A driver who hit and killed a pedestrian when distracted reaching for a vase on her passenger seat has been spared jail because of her remorse and “parlous” mental state.
Patricia Mica was moving house on July 5, 2019 when she took her eyes off the road when trying to prevent a vase falling from the front seat and hit Astrid Norman in Riversdale Road, Camberwell.
Ms Norman, 75, had walked halfway across the road and was waiting for a break on the other side when Mica’s car hit her at 1.50pm, causing fatal injuries. The grandmother died at the scene.
Prosecutors accepted that Mica’s vision of the road ahead was obscured by a car in front, but argued she had a clear view of Ms Norman for three seconds.
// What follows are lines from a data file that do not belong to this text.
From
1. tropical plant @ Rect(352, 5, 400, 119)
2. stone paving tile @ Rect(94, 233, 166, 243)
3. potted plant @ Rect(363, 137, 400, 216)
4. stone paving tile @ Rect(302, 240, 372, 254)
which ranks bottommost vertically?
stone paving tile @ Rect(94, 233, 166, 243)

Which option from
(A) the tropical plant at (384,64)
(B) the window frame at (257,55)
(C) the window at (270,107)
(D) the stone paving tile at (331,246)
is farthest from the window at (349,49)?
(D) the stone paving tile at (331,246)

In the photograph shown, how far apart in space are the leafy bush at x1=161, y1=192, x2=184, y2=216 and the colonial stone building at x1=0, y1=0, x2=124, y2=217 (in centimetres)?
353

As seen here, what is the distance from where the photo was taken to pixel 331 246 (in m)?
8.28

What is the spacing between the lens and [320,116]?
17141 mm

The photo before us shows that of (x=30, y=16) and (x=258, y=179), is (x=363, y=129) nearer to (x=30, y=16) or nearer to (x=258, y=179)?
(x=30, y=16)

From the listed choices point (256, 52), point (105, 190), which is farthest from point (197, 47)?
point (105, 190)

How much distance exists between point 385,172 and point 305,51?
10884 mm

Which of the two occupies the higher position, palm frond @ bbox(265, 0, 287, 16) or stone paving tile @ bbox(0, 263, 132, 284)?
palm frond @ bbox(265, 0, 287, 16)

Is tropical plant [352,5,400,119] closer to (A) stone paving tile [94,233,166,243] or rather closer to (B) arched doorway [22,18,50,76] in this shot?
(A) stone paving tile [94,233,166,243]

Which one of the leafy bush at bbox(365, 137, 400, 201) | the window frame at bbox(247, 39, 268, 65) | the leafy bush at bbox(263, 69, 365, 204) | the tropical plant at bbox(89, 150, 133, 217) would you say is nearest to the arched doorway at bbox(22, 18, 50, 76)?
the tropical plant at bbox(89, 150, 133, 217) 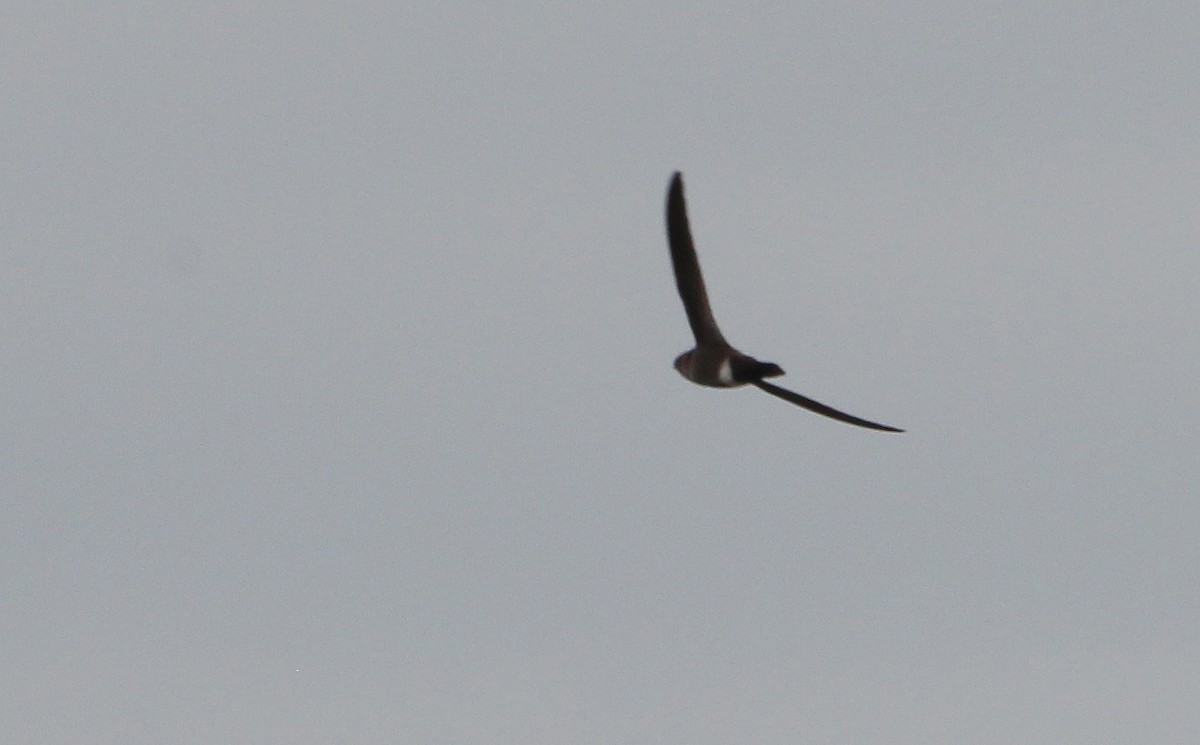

County Court judge Fran Dalziel accepted the 38-year-old had time to react to Ms Norman standing on the road but didn’t, either through distraction or another error.
Mica pleaded guilty to dangerous driving causing death, an offence which usually warrants a jail term, but Judge Dalziel found there were exceptional circumstances to spare her from prison. To someone uninformed of the facts of the case, she said, such a sentence might seem inadequate.
“I consider, however, that in view of your plea of guilty, your very real remorse and contrition, that the dangerousness of your driving was near the lowest end of the range and your parlous mental state, that it is unnecessary to impose a sentence of imprisonment,” the judge told Mica on Friday.
Mica must serve a three-year community correction order comprising mental health treatment and 400 hours of unpaid work. Her licence was cancelled and she cannot obtain one for 18 months.
Ms Norman lived with daughter Emma and her granddaughters, and was remembered as a “beautiful soul” who was empathetic and compassionate.
Emma previously told the court: “This was her time to enjoy life without the pressures of trying to fend for herself. It was her time to have peace, to watch the lives of her granddaughters blossom. It was her time to see her daughter – me – go through a positive life experience and be the woman she knew lived inside me.”
Mica was not speeding or affected by alcohol or drugs, and stopped at the scene.
A psychiatrist diagnosed a major depressive disorder after Mica attempted suicide afterwards and showed symptoms for post-traumatic stress disorder.
Judge Dalziel said Mica was a person of otherwise “exemplary” character who prayed for forgiveness and for Ms Norman’s soul, and had been unable to tell her family in her native Romania about the crash.
“This case highlights the level of care and attention required by drivers and the tragic consequences that can follow when a driver is distracted or inattentive, even for a short time,” the judge said.
Prosecutors had argued for a prison term and the judge said she would have jailed Mica for 2½ years had she fought the charge and been found guilty.